Di dalam ajaran islam, menurut penulis berfilsafat adalah untuk membantu memperkuat keimanan seseorang. Hal ini mungkin bertentangan dengan contoh yang disampaikan sebelumnya bahwa filsafat itu sesat, bikin seseorang menjadi murtad, dan anti terhadap ajaran agama. Saya tidak tau dasar mereka mengatakan seperti itu, mungkin mereka lupa pada zaman pertengahan islam sangat mengagungkan ilmu pengetahuan. Mengkaji pikiran-pikiran tokoh filsafat yunani kuno, seperti aristoteles, plato, dan kawan-kawanya, diterjemahkan sampai ada yang membantah serta meluruskan sehingga melahirkan ilmu baru. Dunia islam sampai kepada punsat peradaban selama 4 abad lamanya. Tentu kita sekarang tidak perlu terlena dengan masa lalu. Tetapi poin penting adalah itu semua berkat ilmu pengetahuan dan masyarakatnya yang terbuka.
Kembali kepada kajian tentang pentingnya berfilsafat. Di era globalisasi sekarang ini yang banyaknya informasi, sehingga kita sekarang tidak mudah mana informasi yang salah dan mana informasi yang benar, semuanya dikonsumsi oleh masyarakat. Maka, dengan belajar filasafat khususnya kerangka berpikir, kita bisa memilah informasi tersebut.
Filsafat adalah bagian dari ilmu pengetahuan, bahkan filsafat adalah induk dari segala ilmu pengetahuan. Islam abad pertengahan maju dan mencapai puncak kejayaannnya karena mengkaji filsafat menyatu dengan semangat keimanan. Eropa maju sekarang ini karena dulu mereka mengkaji teks-teks filasafat yang mulai ditinggalkan oleh umat islam ditimur tengah. Dalam islam tidak ada yang melarang persoalan filsafat seperti apa yang saya sampaikan sebelumnya. Justru tanpa filsafat umat islam kehilangan arah, hanya akan melahirkan dogma, mengikuti apa kata pemuka agama, mengikuti tanpa mengetahui ilmunya atau taklid buta justru dilarang di dalam islam.

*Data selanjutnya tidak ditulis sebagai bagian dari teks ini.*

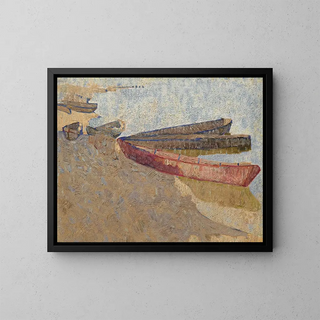 Vladimir BaranovRossin - Three Boats On The Dnieper.webp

Namun, banyak masyarakat sekarang yang seolah-olah melarang untuk belajar filsafat, karena dapat membuat orang tersesat. Tersesatnya dimana? Saya yakin mereka yang mengatakan seperti itu belum belajar banyak tentang filsafat, mereka hanya mendengarkan perkataan orang lain tanpa belajar yang mendalam tentang filasafat. Ada juga bilang akan menyebabkan anti terhadap agama. Ini klaim sepihak, justru agama tidak anti terhadap filsafat. Mereka yang mengatakan anti agama itu, merekalah yang salah tafsir terhadap agama itu sendiri. Mereka sudah paham terhadap ajaran islam, seolah mengetahui filsafat, padahal belum banyak belajar filsafat, belum mendalami islam. inilah yang kita takutkan, islam menjadi kaku, dan tertutup akibat salah tafsir terhadap ajaran itu sendiri. Nurkolis Majid menyarankan islam harus dikaji dengan perlu penalaran, jangan sia-siakan akal kita. karena akal ini sudah diberikan kepada manusia untuk berpikir.
Jadi, ajaran islam tidak melarang kita untuk belajar filsafat, justru malah menganjurkan bahkan harus belajar untuk mencari kebenaran, agar tidak terjebak dalam taklid buta, dogma dan justru malah menuju kesesatan. Mari kita terus berdiskusi dan jangan hanya tunduk kepada dogma. Mari belajar filsafat . karena tanpa belajar filsafat karena islam tanpa filsafat adalah hanya kehampaan belaka.